Taking this back to computer authentication: The user provides their username and password, and then someone else(the system) determines if they are authorized to access the system or not.

Taking this to the coding level: it doesn't make much sense to have a user authenticate themselves. The code can be written to do that, but it really isn't the user's job to say he's authorized to have access. Someone else in the system needs to determine that - like the authService your colleague mentioned.

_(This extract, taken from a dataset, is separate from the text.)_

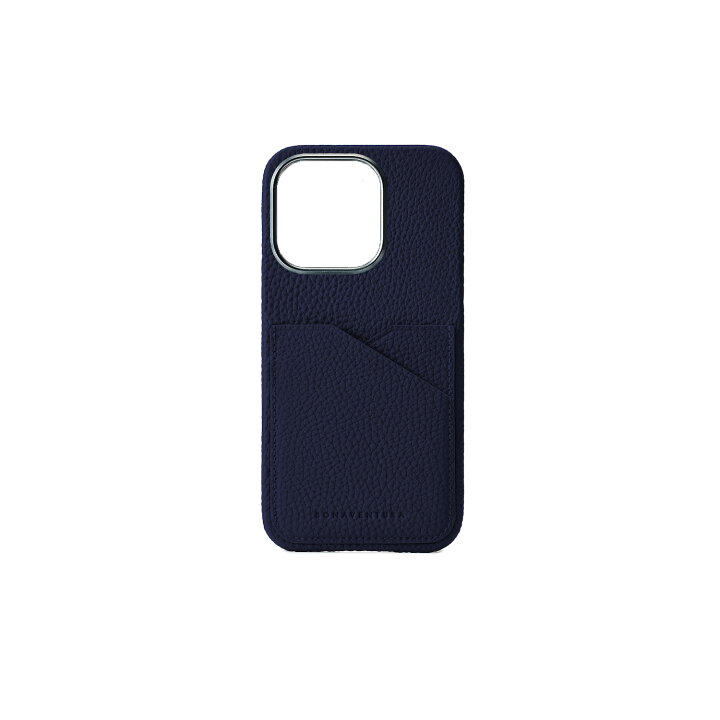 楽天市場】iPhone16シリーズ入荷【BONAVENTURA公式】バックカバー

On the topic of database access...like others have said: that's somewhat up to you. I always like to have one object that provides access to data resources(not necessarily to mean one thread, but one object that determines which operations are allowed concurrently and when to lock the resource for writes/updates). Alternatively, many objects can access a data resource but they're synchronized in some way(mutex, semaphore, etc).

This way, the concurrency issues will be located within that object(s) instead of scattered in mysterious locations that make debugging harder. So, if my program is running and I'm noticing wonky things going to/from the database, it's pretty straight forward to drill down to where the problem exists. If I had a bunch of users who were in their own thread and doing whatever they wanted with the database, it might not be immediately obvious that the users are the problem. The symptom is the database looks wrong, and the reason it's wrong is because users are changing the database without respecting the changes the others are making.

An example of that case would be source control, which is a tool used to allow multiple developers to work on the same project at the same time without worrying about who is writing in which file. Now, take away the source control. If two developers write to the same file without knowledge of the other, one of the developer's code is going to get erased completely, and when that developer tries to watch his functionality work...it simply won't be there because someone wrote over it. Then the question becomes...who wrote over it, when, and is there a copy of the feature that was implemented, or does it need to be done again? These kinds of things happen on the order of minutes, hours, or even days...but in a program that uses a database...this will be happening hundreds of times a second. It's better to give control of a resource like that to someone who can safely manage it(source control, database handler, etc).